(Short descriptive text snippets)
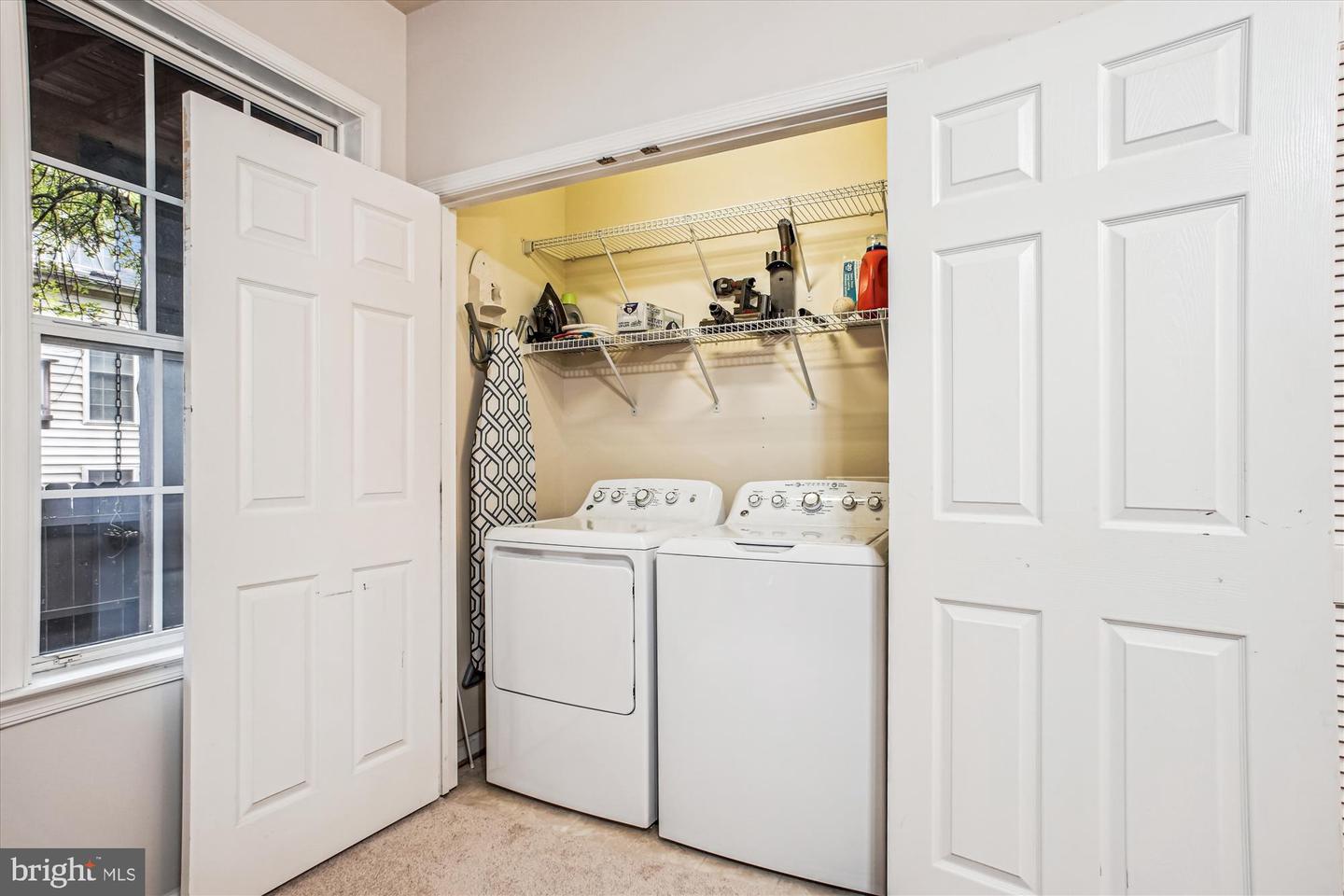 4160 TIMBER LOG WAY, FAIRFAX, Virginia 22030, 2 Bedrooms Bedrooms, ,2 BathroomsBathrooms,Residential,For sale,4160 TIMBER LOG WAY,VAFX2239924 MLS # VAFX2239924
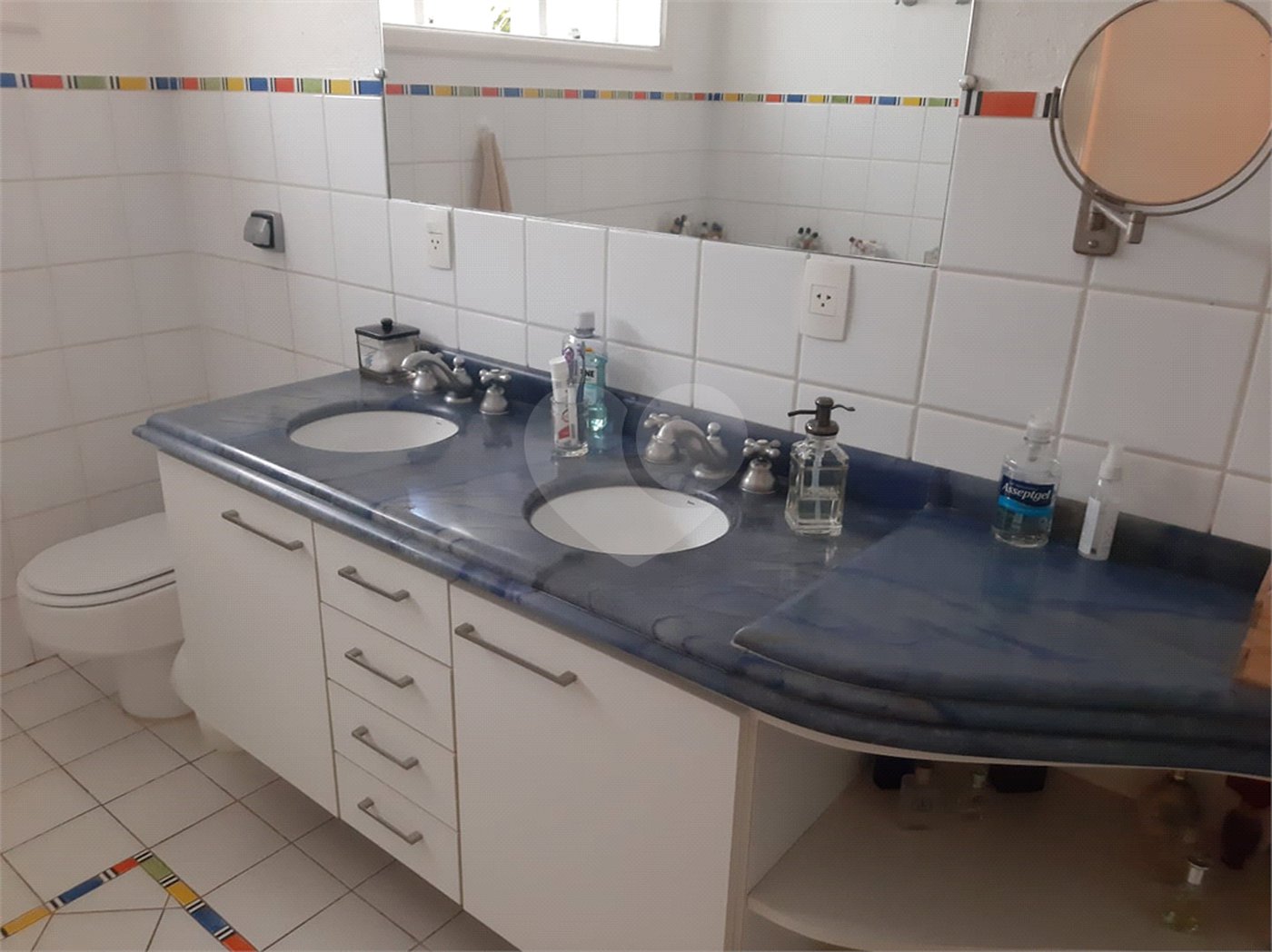 Casa à venda com 4 suítes no condomínio São Joaquim, Vinhedo - SP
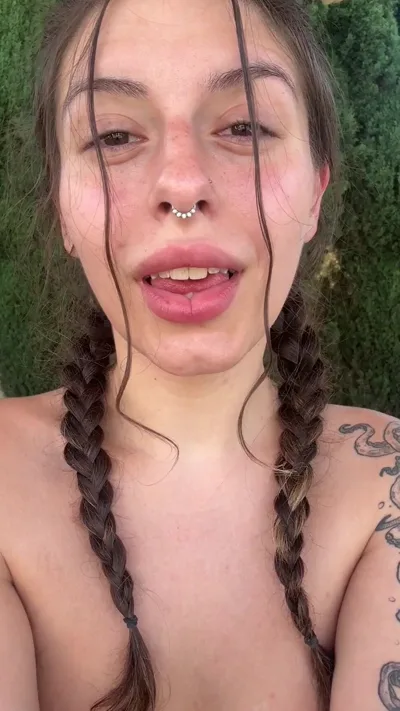 Chloe Kreams dominates in exclusive solo session with Aka Chloekreams - Good Morning 3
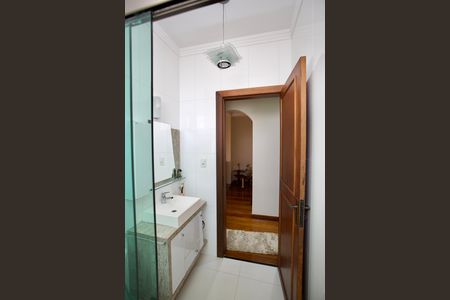 Casa para alugar com 500m², 4 quartos e 4 vagas Casa para alugar com 500m², 4 quartos e 4 vagasBanheiro Social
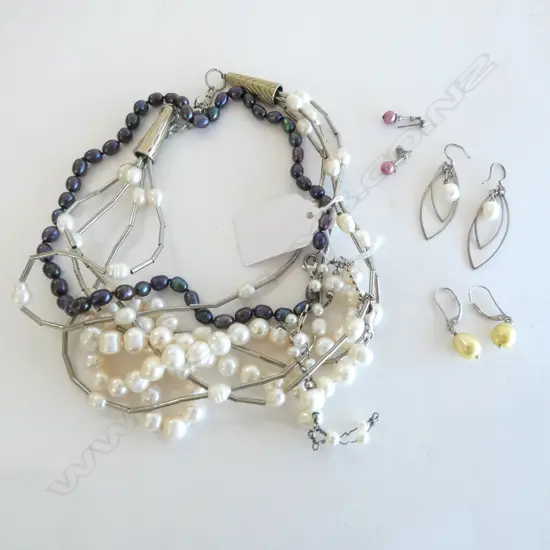 3 FRESHWATER PEARL NECKLACES w. F/W BRACELET & ASST EARRINGS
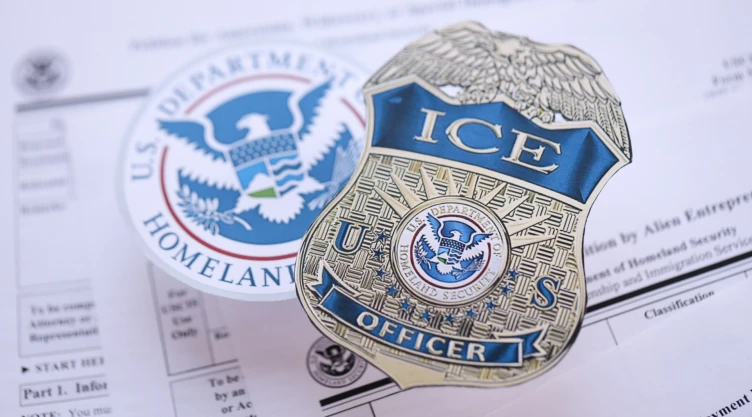 Placa del ICE de Estados Unidos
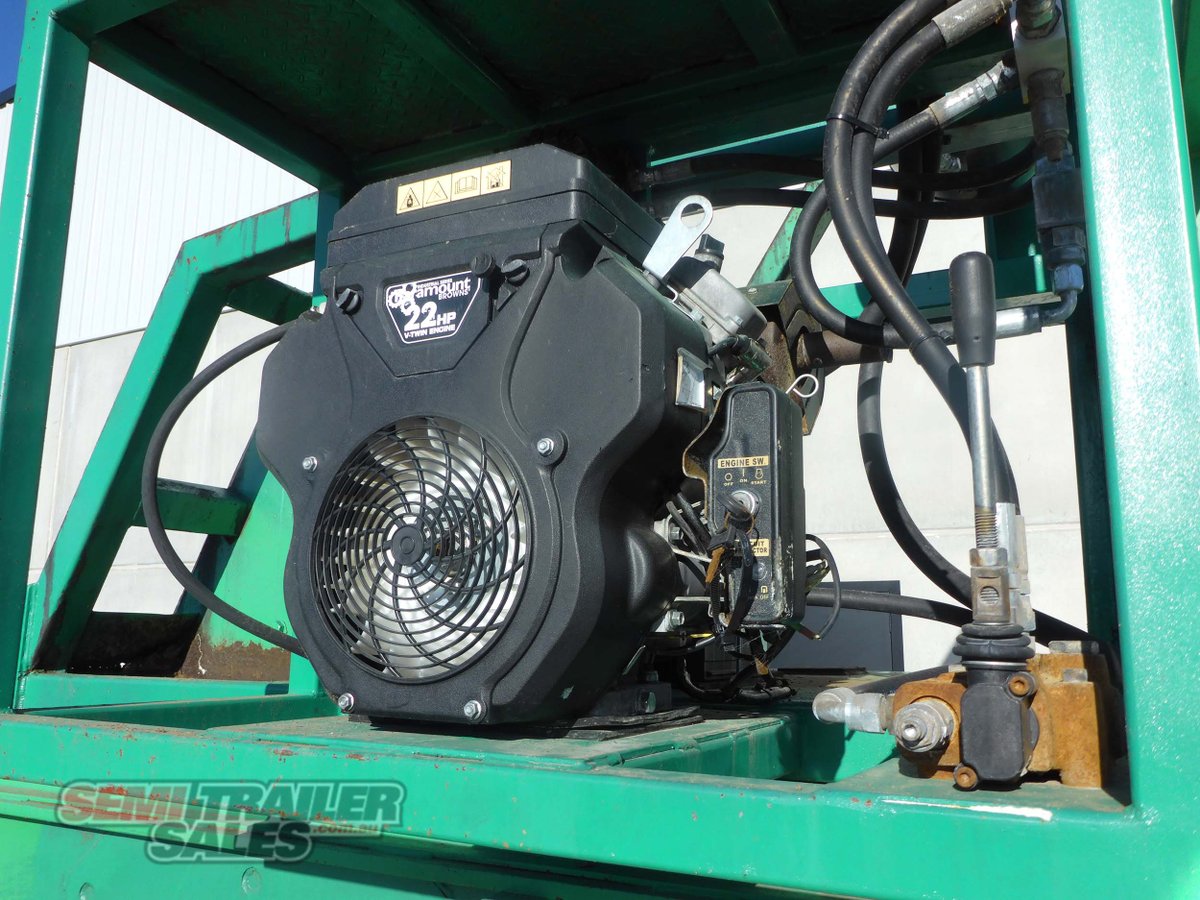 KRUEGER FLAT TOP TRAILER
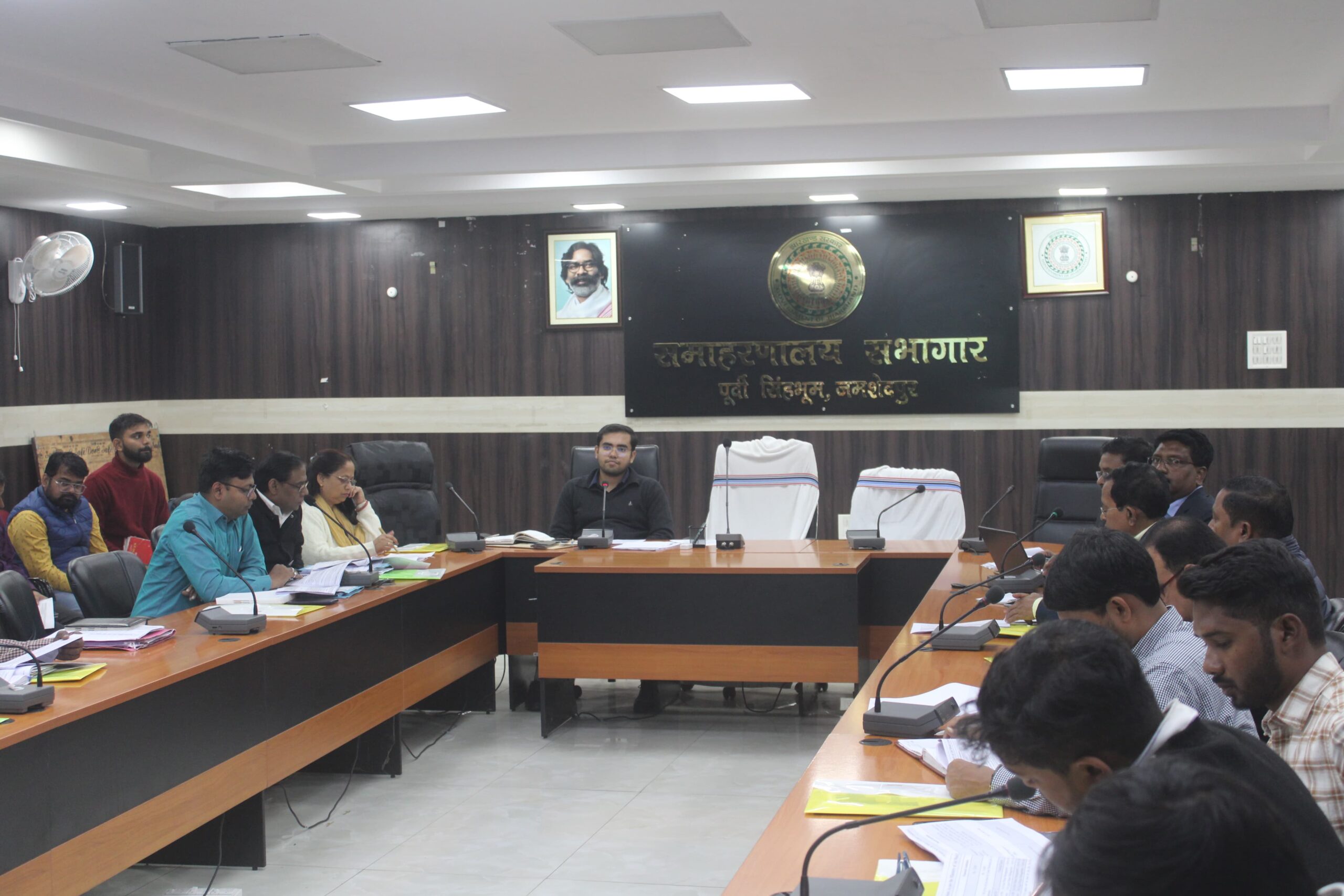 Jamshedpur: स्वच्छ भारत मिशन पर जिला जल एवं स्वच्छता समिति की बैठक, ODF प्लस गांवों के लिए नई योजनाएँ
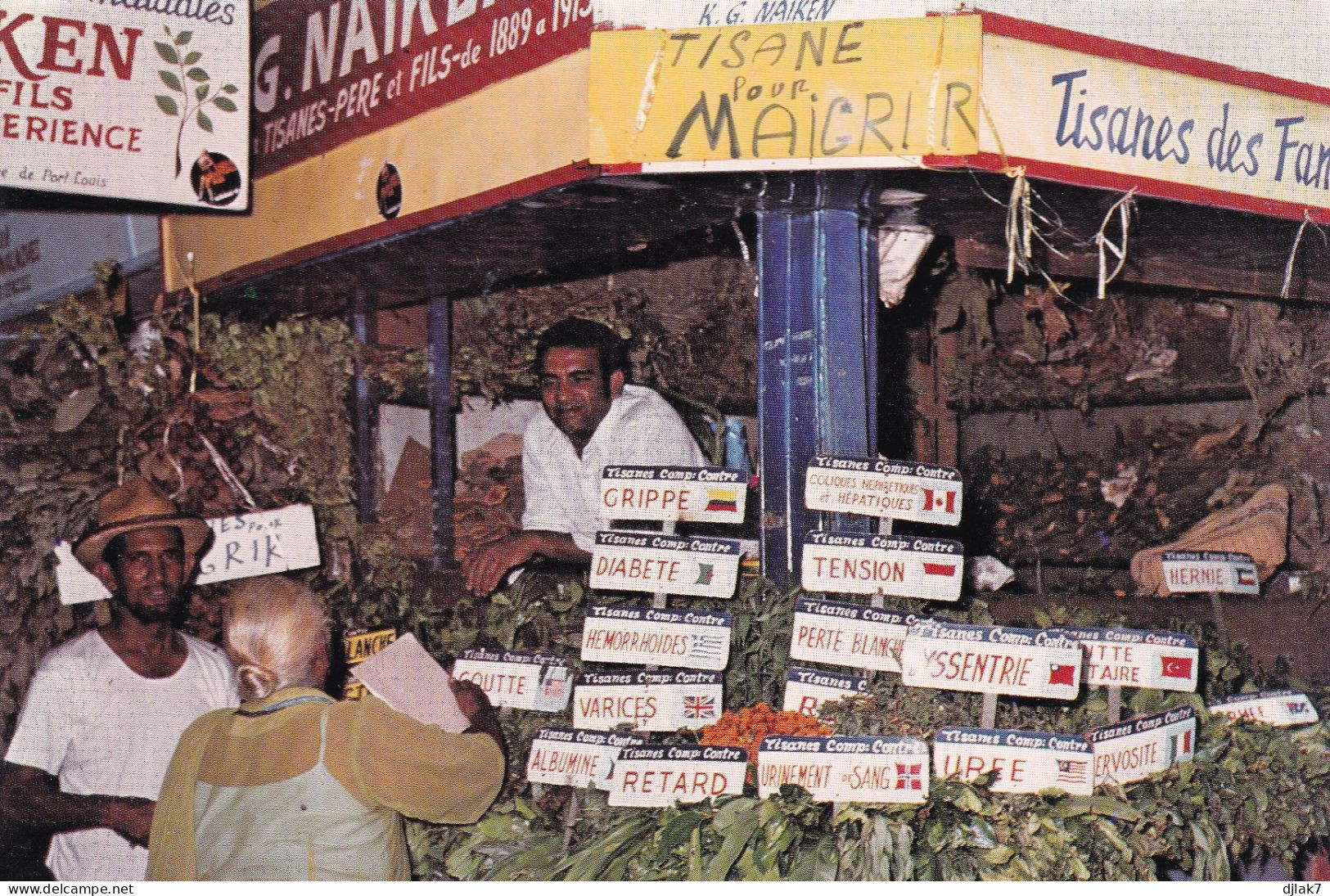 Ile Maurice Vendeur De Tisanes Au Bazar De Port Louis - Mauritius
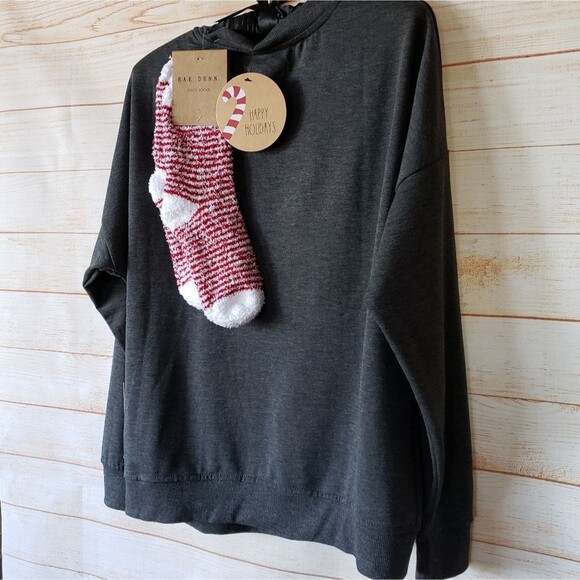 Rae Dunn "Santa's Favorite" Sweatshirt and Socks Set Women's Size Medium - Picture 6 of 11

_Directions for this task_.
For this exercise, repeat word for word only the lines from the one containing "KRUEGER FLAT TOP TRAILER" through the end of the data, including both. Pictures do not go in the copy.

_Solution to this task_.
 KRUEGER FLAT TOP TRAILER
 Jamshedpur: स्वच्छ भारत मिशन पर जिला जल एवं स्वच्छता समिति की बैठक, ODF प्लस गांवों के लिए नई योजनाएँ
 Ile Maurice Vendeur De Tisanes Au Bazar De Port Louis - Mauritius
 Rae Dunn "Santa's Favorite" Sweatshirt and Socks Set Women's Size Medium - Picture 6 of 11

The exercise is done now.